I am currently revising my dissertation, “Inventing American Girlhood: Gender and Citizenship in the 20th-Century Camp Fire Girls,” for publication.
Camp Fire, one of America’s most significant 20th-century youth organizations, promoted a model of girlhood that tempered expanding opportunities for girls in education and outdoor recreation with traditional domesticity.
Comparing the organization’s publications with girls’ scrapbooks and mementos, I examine girls’ ambivalent reactions to this model of American girlhood.
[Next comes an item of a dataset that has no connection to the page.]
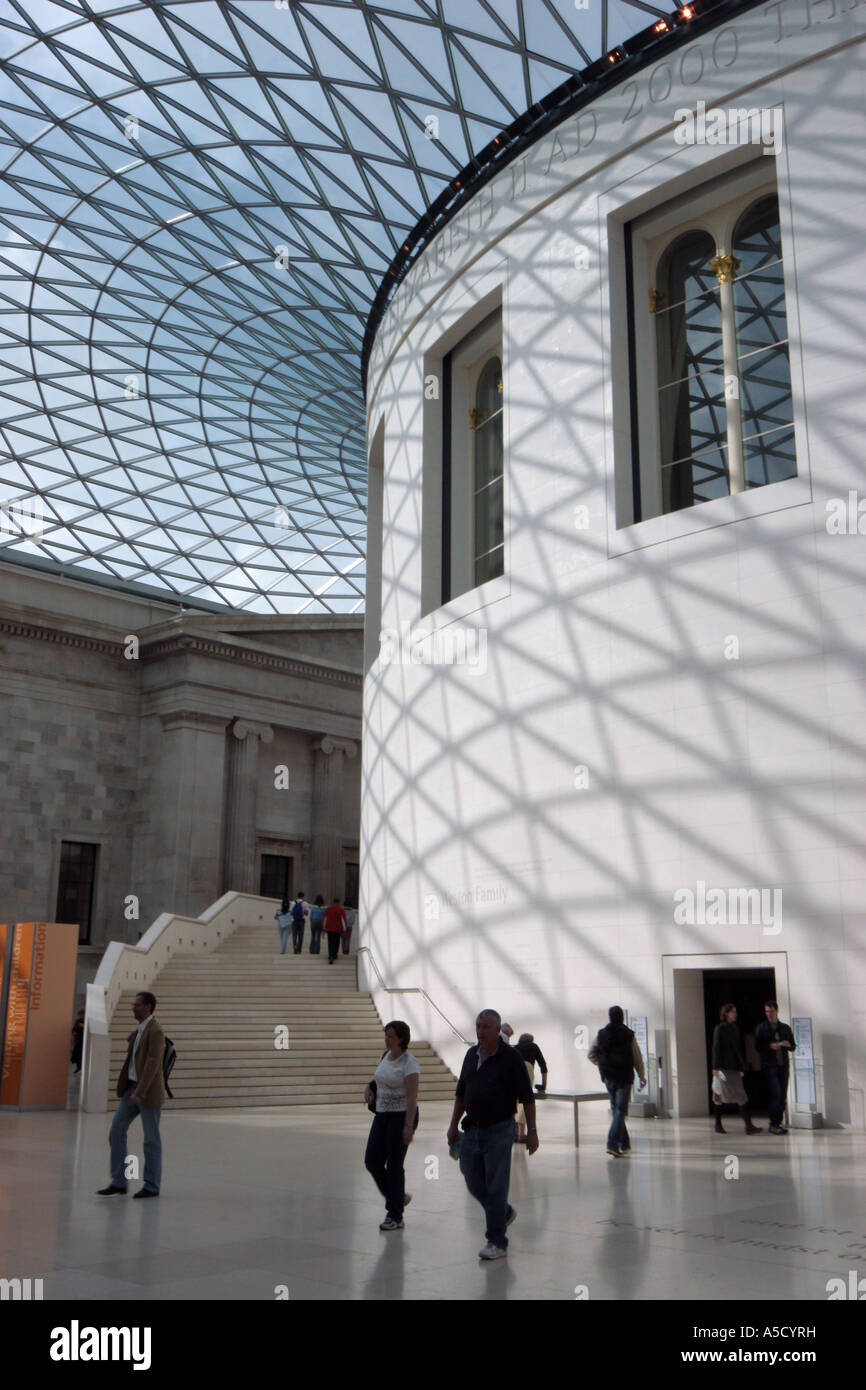 La grande cour et de la salle de lecture du British Museum à Londres Banque D'Images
I explore a variety of themes, including American perceptions of girls’ civic roles; Camp Fire’s use of American Indian imagery; its attempt to create a national girls’ culture by reaching girls across lines of class, race, ethnicity, disability, and religion; the use of girls to promote domestic morale during WWI and WWII; and the extension of girls’ duties to a global arena during the Cold War (American girls were encouraged to see American womanhood as a model for the world).
I am also currently editing a collection of essays on girlhood and international issues.
The project seeks to promote cross-national perspectives and methodologies in the history of gender and youth and will include my own essay, “Homemaker Can Include the World: Internationalism and the Post World War II Camp Fire Girls.”